Blue Jays release rehabbing Romero
Club didn't expect starter would recover in time to contribute
ST. PETERSBURG -- The Ricky Romero era with the Blue Jays has officially come to an end after the club's former No. 1 starter was granted his release on Saturday afternoon.
Toronto general manager Alex Anthopoulos met with Romero at the club's Minor League complex in Dunedin, Fla. to deliver the news. The organization felt it was in Romero's best interest to be released because the Blue Jays didn't think he would be ready to return this season.
The Blue Jays are still on the hook for Romero's $7.5 million salary in 2015 plus a $600,000 buyout for his $13.1 million option in 2015. Romero becomes a free agent, but still faces a long road to recovery as he rehabs from a pair of knee surgeries.
"His recovery, his rehab is just going very slow at this point," Anthopoulos told reporters Saturday afternoon. "We made the determination, we just didn't think that by the end of the year he was going to be able to factor for us up here. Knowing this was the last year of his contract, we felt it was best to just give him the opportunity to give him a head start somewhere else."
Romero's release would have been unfathomable a few years ago, when he was considered a cornerstone of the franchise. He broke into the league in 2009, showed considerable progress in three consecutive seasons and along the way earned a five-year contract extension worth $30.05 million.
The first year of that deal worked out extremely well as Romero went 15-11 with a 2.92 ERA during an All-Star season. More of the same was expected in future years but instead that proved to be the high point. Romero was never able to duplicate the performance.
Romero went 9-14 with a 5.77 ERA in 2012 and the following year he didn't make the team out of Spring Training. He has battled a degenerative condition in his knees and his own issues on the mound, which have led to a loss of control.
The 30-year-old Romero had been working out in Dunedin and threw a bullpen session Saturday morning. The Blue Jays didn't view him as a viable candidate to return this year, however, which prompted the club to provide an opportunity for a fresh start elsewhere.
"Once we made the determination that we didn't think he wasn't going to be able to come back and help us for the current year, it was the right thing to do by him," Anthopoulos said. "To have him continue to come in, in Florida, have him get treatment on his knees, build up arm strength, to do all that when we've, internally, made the determination that we don't see it's going to come in time.

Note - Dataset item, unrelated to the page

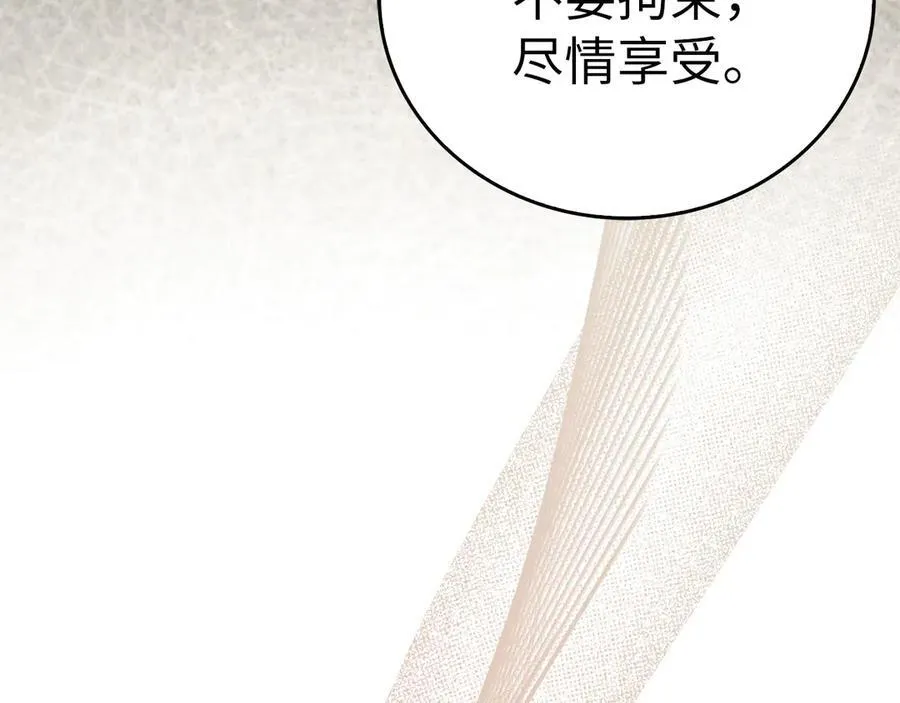 第95话 英雄血统 第39页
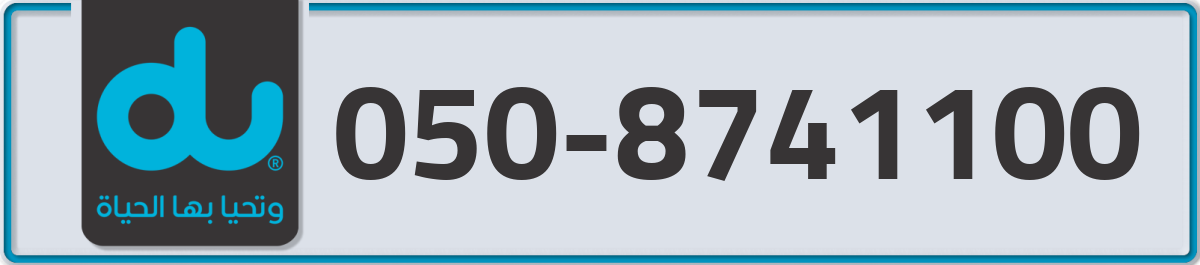 du Mobile Number 050 code 8741100 number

"He's worked tremendously hard. We have nothing but the highest praise for the way he's gone about it."
Romero's time in Toronto is over but the questions about what happened to his career will continue to linger for quite some time. Even three years later, it's something Anthopoulos and the Blue Jays organization can't really explain.
"Obviously, look, no one wanted to see what happened to him and it's still, to this day, I think I mentioned this to him as well, I don't think anybody has an explanation," Anthopoulos said.